A rua está dominada por jovens nacionalistas de direita que querem a mudança aqui e agora No movimento de protesto faltam líderes que garantam que não terá violência

P. BONET
Manifestantes proeuropeos, neste domingo em Lviv.
Manifestantes proeuropeos, neste domingo em Lviv.YURIY DYACHYSHYN (AFP)

A concentração de cidadãos esperançosos que pedem a integração da Ucrânia à União Europeia, o  movimento que ganhou o Euromaidan, se transforma de forma inquietante como consequência da violência que explodiu em Kiev. Agora, quando as colunas de fumaça procedentes dos gases lacrimogêneo e os disparos aumentam na frente da sede administrativa da presidência, não é o momento para vaticinar as consequências geopolíticas da luta de rua pelas instituições do Estado. Mas podem ser apontados alguns problemas que afetam a estabilidade da Ucrânia e por extensão a estabilidade da Europa.

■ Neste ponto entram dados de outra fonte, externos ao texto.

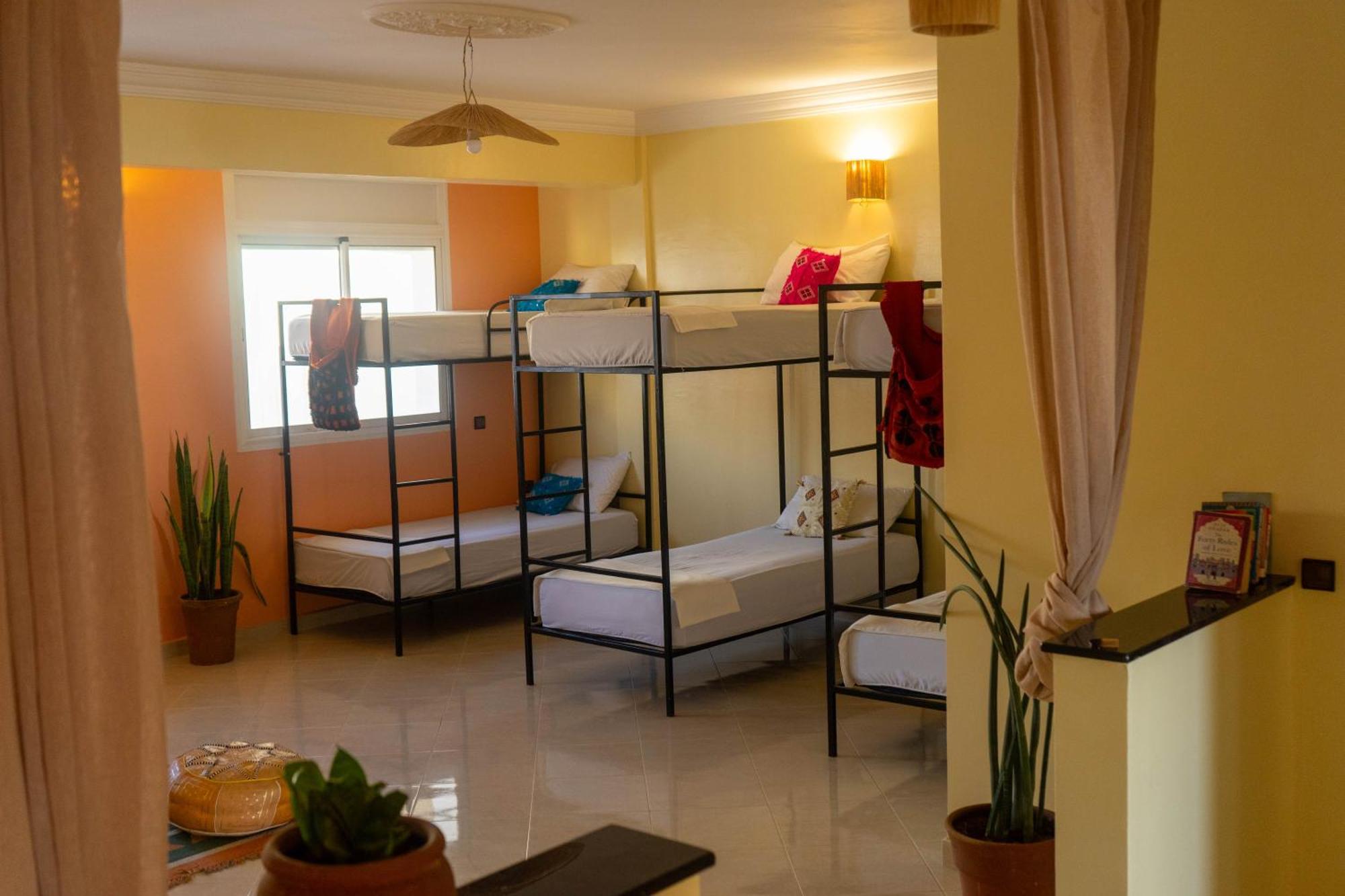 Monkey'S Guest House - Ocean View Rooms & Apartment With Rooftop Tamraght Exterior photo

Os confrontos evidenciam que na Ucrânia faltam líderes carismáticos capazes de garantir que não se produzirá um final violento. Em 2004, durante a Revolução Laranja, o presidente de saída Leonid Kuchma, por uma parte, e seus oponentes, Víctor Yúshenko e Yulia Timoshenko, insultaram-se, enganaram-se e desferiram golpes baixos, mas foram sempre cientes de que deviam evitar o derramamento de sangue. É mais, entre maidan e maidan, Timoshenko sondava as forças de segurança e as tornou um importante ponto de controle para manter contatos entre uns e outros.

O maidan de 2004 atraía pessoas com uma mensagem de esperança, que se resumia no desejo de democratizar a Ucrânia e de acabar com a corrupção. A mudança chegou, mas a equipe laranja, com suas lutas internas e suas próprias corruptelas, decepcionou aos ucranianos. O resultado nas presidenciais de 2010 foi a vitória de Yanukóvich, o grande derrotado de 2004.

Yanukóvich, um homem duro que fez carreira na região mineira de Donetsk, trouxe com ele um maior nível de cobiça e corrupção que seus predecessores. Isso é dito abertamente pelos líderes da oposição e confirmado em privado por fontes do partido das regiões. Uma vez que os bens públicos do Estado estavam já repartidos, a família teve que explorar um pouco mais as pequenas e médias empresas que hoje estão afogadas pelos impostos e pelas extorsões, que reclamam propinas para resolver gerenciamentos.

Os ucranianos estão fartos no oeste e no leste. A diferença entre uns e outros é que os do oeste têm mais vontade de luta e mais motivação pela possibilidade de mudança, associada a Europa. Enquanto isso, os do leste ficaram desabrigados, nas minas, na metalurgia e na indústria pesada, que beneficiam os clãs vinculados aos Yanukóvich. Os do leste estão mais cientes de que a vontade de luta pode ter penosas consequências. Em Donetsk, assinalam, está encarcerado o líder do movimento popular de protesto contra umas obras urbanas vinculadas às empresas do filho do presidente, o dentista Alexandr Yánukovich, um dos homens mais ricos da Ucrânia, conhecido também por Alexandr, o Estomatólogo.

Em 2004, a alternativa a Leonid Kuchma não tinha nem o radicalismo nem o nacionalismo que está se apoderando da alternativa de Yanukóvich hoje. A rua está a cada vez mais dominada por grupos extremistas, jovens nacionalistas de direita, que querem a mudança aqui e agora e sentem alergia pelos procedimentos democráticos desvalorizados. Estes jovens extremistas se sentem enaltecidos pelo apoio que a Europa presta à Ucrânia e —em parte— flutuam em torno do partido Svoboda (Liberdade), que dirige Oleg Tiagnibok, um dos três líderes da oposição.

Liberdade moderou sua linguagem depois de entrar no Parlamento em 2012, embora siga flertando com o conceito de ucraniano étnico e com outras ideias conservadoras, algumas delas não se encaixam em uma Europa tolerante e aberta. Neste domingo, Tiagnibok e os outros dois líderes da oposição, o campeão de boxe Vitali Klichkó e o ex-chefe da Rada Arseni Yaseniuk, exortaram os manifestantes que assaltavam a administração presidencial a voltar para a praça da Independência. Mas, a diferença em relação a 2004, não sabemos se os manifestantes vão lhe ouvir e também não sabemos se Yanukóvich vai continuar com o sentido comum que finalmente mostrou Leonid Kuchma.